Les entreprises qui partent en production sur Proxmox ne devraient pas se contenter d’un « c’est gratuit » ou d’un « beaucoup l’utilisent ». Souscription support, stratégie de stockage testée, plan de haute disponibilité validé, sauvegardes documentées, équipes formées : la même rigueur qu’avec n’importe quel hyperviseur. Un bilan solide chez le fournisseur n’efface pas ces étapes.

La conclusion la plus honnête tient en deux phrases. Sur la base des documents publics disponibles, on ne peut pas dire que Proxmox facture 50 millions de dollars par an. En revanche, ses 44,1 M€ d’actifs en 2025 friseraient ce chiffre une fois convertis, et la position financière est nettement plus solide qu’on ne l’imagine quand on découvre Proxmox via un forum. Pour une migration depuis VMware, ce n’est pas un argument suffisant à lui seul, mais c’est une objection en moins.

Questions fréquentes

Proxmox facture-t-il vraiment 50 millions de dollars par an ?
Les bilans publics ne le disent pas.

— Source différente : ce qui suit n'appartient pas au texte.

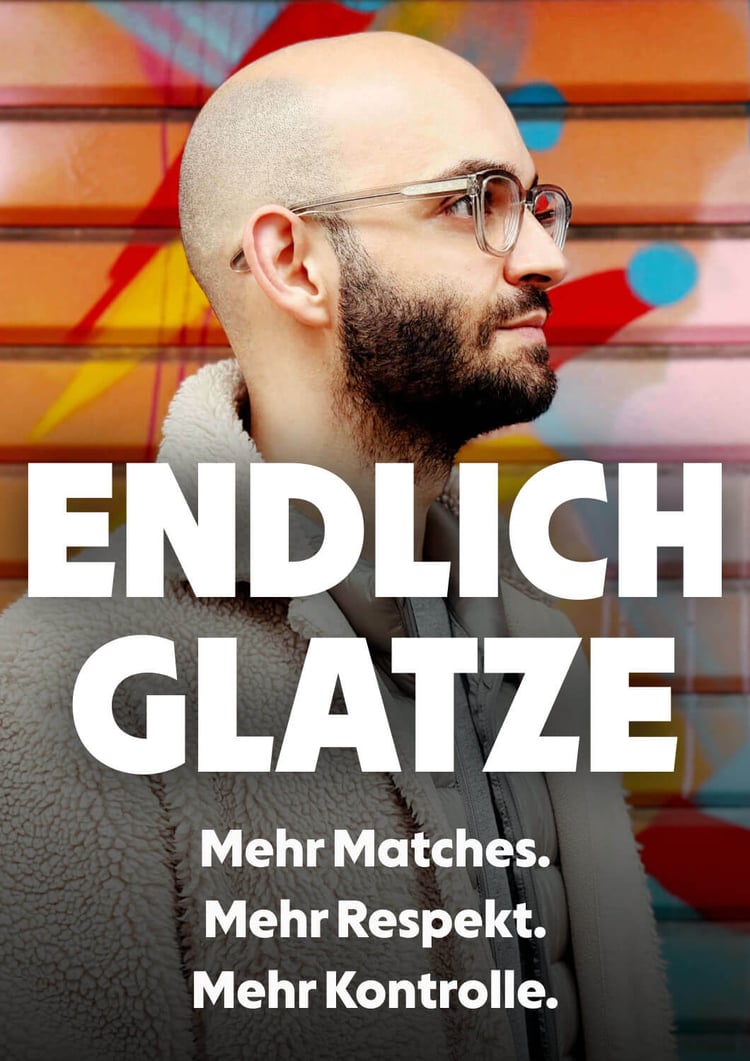 Selbstbewusster Mann mit gepflegter Glatze und Bart zeigt lächelnd auf seinen Kopf. Text: Schluss mit Haarausfall - Endlich Glatze in 7 Schritten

Ils mentionnent 44,1 M€ d’actifs totaux fin 2025, 24,9 M€ de capitaux propres et 9 M€ de trésorerie. Le chiffre d’affaires annuel n’apparaît pas dans les documents abrégés déposés au registre du commerce autrichien.

Que peut-on tirer concrètement des bilans Proxmox 2023-2025 ?
Une croissance forte des actifs (×4 en deux ans), des capitaux propres qui suivent, une trésorerie qui passe de 2,3 à 9 M€ en un an, et un effectif qui grimpe de 27 à 41 personnes. Le tout sans dette financière inquiétante visible.

La santé financière du fournisseur suffit-elle à valider une migration depuis VMware ?
Non. Elle pèse, mais l’architecture technique, la couverture support, l’intégration aux outils de sauvegarde, la disponibilité d’intégrateurs et la facilité de sortie comptent autant. Une bascule de production se prépare comme un projet, pas comme un changement de logo.

Comment Proxmox se compare à Vates et XCP-ng sur le plan financier ?
Vates joue dans une catégorie plus modeste : 2,81 M€ de chiffre d’affaires 2024 selon Pappers, 4 M€ et 6 M€ d’ARR selon d’autres sources. Les deux maisons incarnent la même tendance : le marché européen veut des hyperviseurs ouverts, soutenus, et indépendants des grilles tarifaires américaines.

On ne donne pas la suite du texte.